All you need is some almonds, filtered water, a blender and a nut milk bag (cheesecloth or a fine mesh sieve will also work). You will need to soak your almonds for about 8 hours or overnight. This helps them to absorb water, swell and soften to give you a creamier nut milk. Once you’re ready to make your almond milk, you’ll drain the almonds and rinse them off. Soaking and rinsing the almonds also helps to reduce phytates, a natural compound found in beans and nuts. Phytates can act as an anti-nutrient and block the absorption of minerals in the our digestive tract.
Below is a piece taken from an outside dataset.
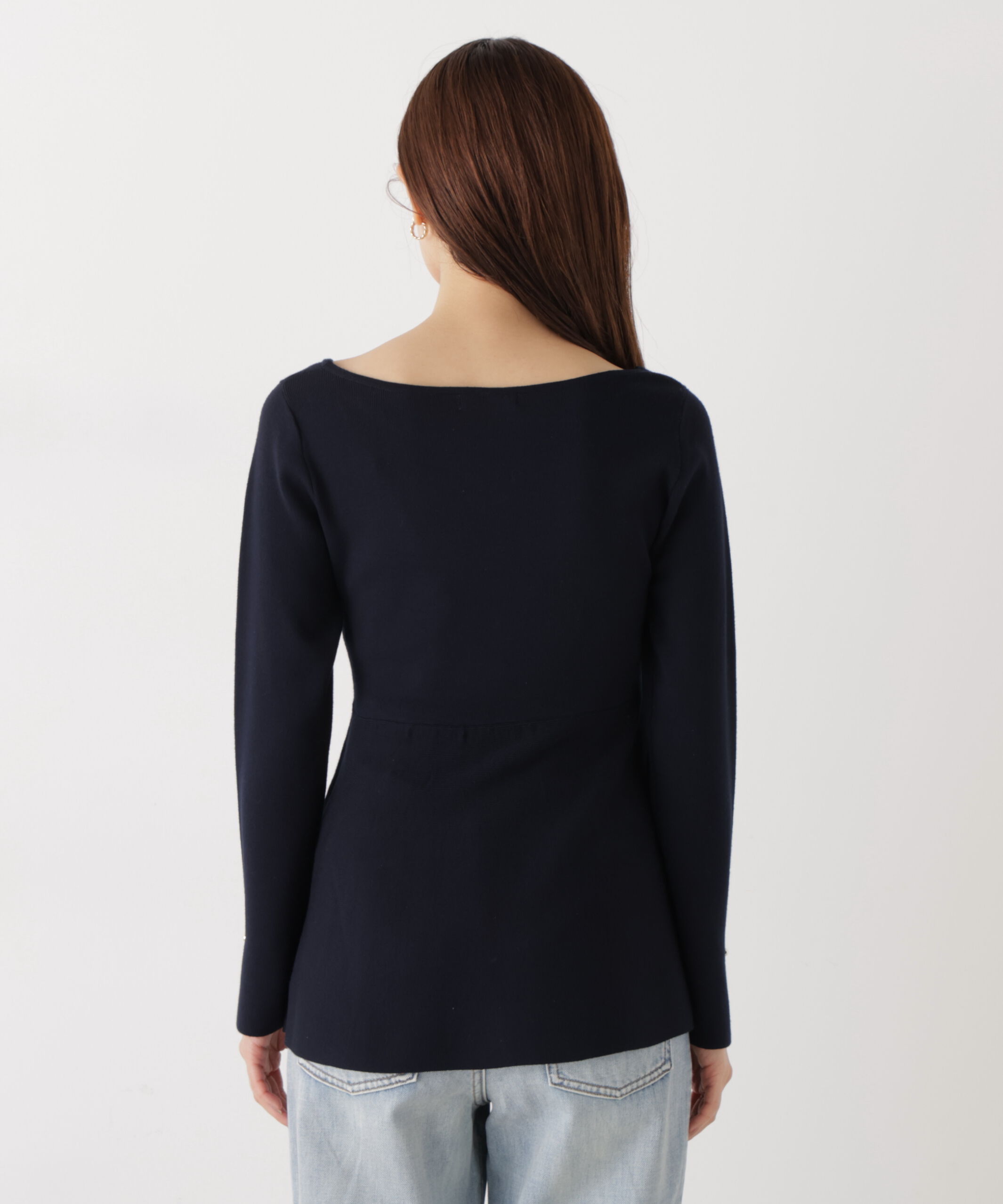 PROPORTION BODY DRESSING「ペプラムベーシックニット　26SS」|ニット・セーター|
Once you’ve strained your almonds, all you need to do is add them to your blender, alongside the filtered water, and blend until you get a creamy milk. Strain it out through a nut milk bag, and store the milk in your fridge for 2-3 days. You might notice the almond milk will separate a bit in your fridge and that’s perfectly fine.  It happens because we’re not using any emulsifying agents like store bought brands do. All you need to do is shake up your milk before you use it, and you’ll have a creamy delicious almond milk made 100% from almonds.
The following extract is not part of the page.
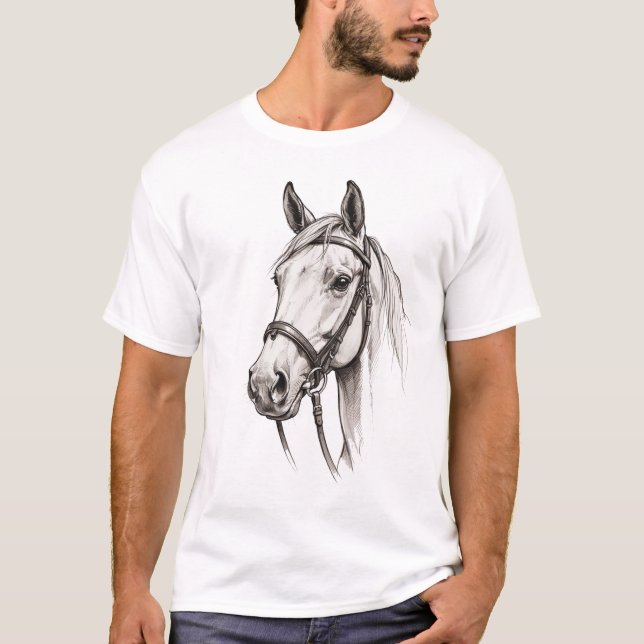 T-shirt Cheval (Devant)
You can actually use any kind of nut to make milk. I just made my first batch using all pecans and wow, that is delicious and creamy. I often use a combination of walnuts and almonds. sometimes I leave the nuts soak for a day or more because I cant get to making the milk: I just keep the nuts in the fridge and it all works out fine.
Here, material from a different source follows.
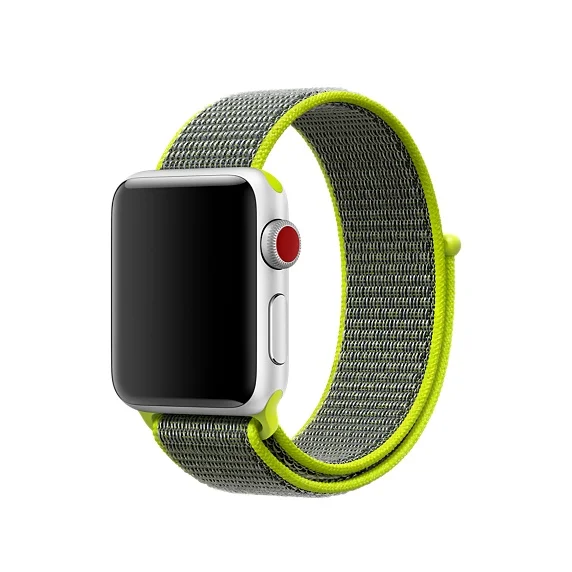 Цветной тканый нейлоновый ремешок для Apple Watch Band 5 4 40 мм 44 мм мягкая дышащая Спортивная петля для iWatch 3 2 1 38 мм 42 мм ремешок для часов - Цвет ремешка: light green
4 reasons this almond milk recipe is better than your store-bought nut milk

1. It’s cost effective.

Purchasing a bag of bulk raw almonds can help you save money with each batch of almond milk. You can also double your savings by turning your leftover pulp into almond flour. All you need to do is spread the pulp out on a baking tray and let it dry in your oven at the lowest temperature for a couple of hours (you can also use a food dehydrator), then grind it into flour in your blender or food processor and store it in the fridge. Almond flour makes a great gluten free flour substitute for many baking recipes.

2. It’s more nutritious.

When you make this homemade almond milk recipe you know for sure that the milk contains a lot of almonds. Store bought nut milks on the other hand, have been found to contain a very small amount of nuts along with some additives to give you the creamy taste and texture that you’re looking for.

3. There are no additives.

Store bought nut milks often contain additives to prolonge their shelf life and improve the taste and texture. A common one you might see is caragreenan. It’s thickening agent derived from seaweed to help mimic the creamy texture of dairy. However, some animal studies have suggested that it can contribute to inflammation1, intestinal ulceration2 and increased gut permeability.

4. You can flavor it.

If you like the taste of store bought almonds milk because of the different flavor variations that they offer, you can easily adjust this homemade almond milk recipe to match. If you like a sweeter vanilla almond milk, you can add a teaspoon of vanilla extract and a couple of dates to the blender. Or if you prefer chocolate you can use some antioxidant-rich raw cacao plus some dates for extra sweetness and some fiber.

Chew on this

Homemade almond milk is a great replacement for dairy that still tastes great, but if you’re allergic to nuts, you’ll want to avoid almond milk. Instead you can try alternatives like oat milk, rice milk or hemp milk, which can easily be made at home as well.